WORK REQUIRED
Restate, word for word, each entry that follows, but skip its pictures.
[DATA FOR THIS TASK — start]
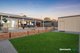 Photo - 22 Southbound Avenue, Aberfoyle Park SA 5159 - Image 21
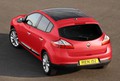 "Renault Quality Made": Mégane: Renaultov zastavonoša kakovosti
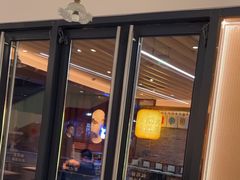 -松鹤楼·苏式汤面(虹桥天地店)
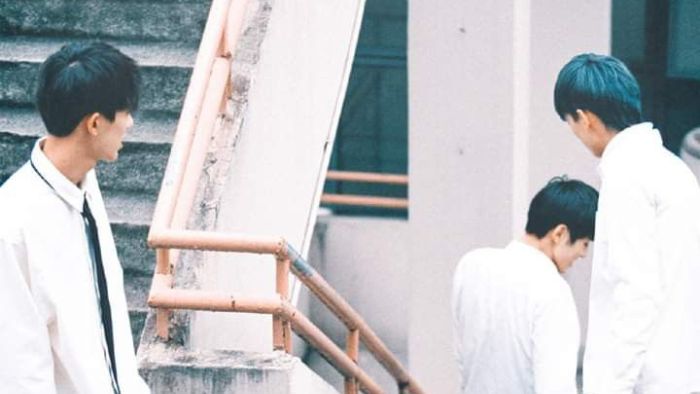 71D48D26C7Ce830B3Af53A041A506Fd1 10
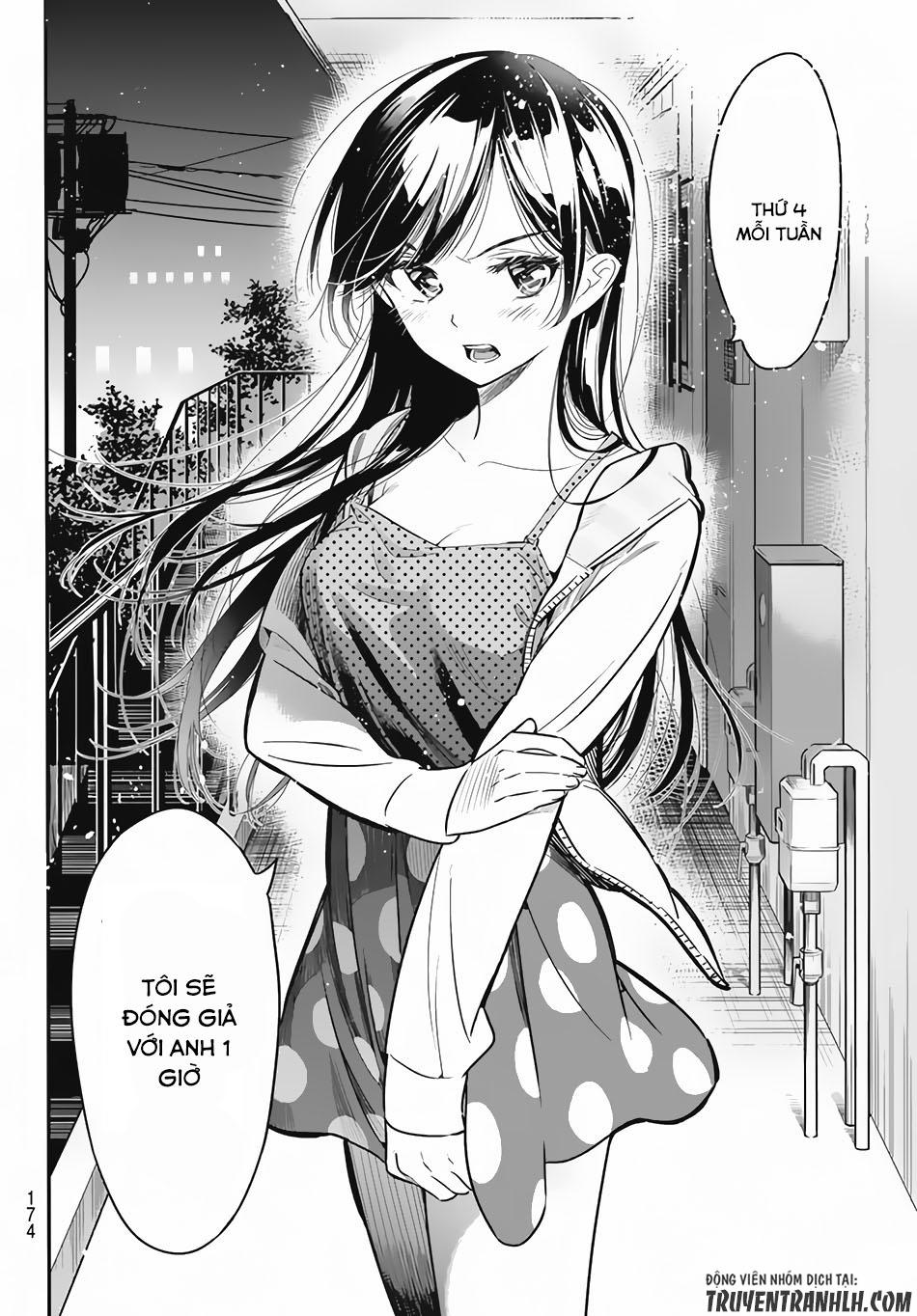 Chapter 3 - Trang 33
[DATA FOR THIS TASK — finish]
ANSWER FOR THE TASK
 Photo - 22 Southbound Avenue, Aberfoyle Park SA 5159 - Image 21
 "Renault Quality Made": Mégane: Renaultov zastavonoša kakovosti
 -松鹤楼·苏式汤面(虹桥天地店)
 71D48D26C7Ce830B3Af53A041A506Fd1 10
 Chapter 3 - Trang 33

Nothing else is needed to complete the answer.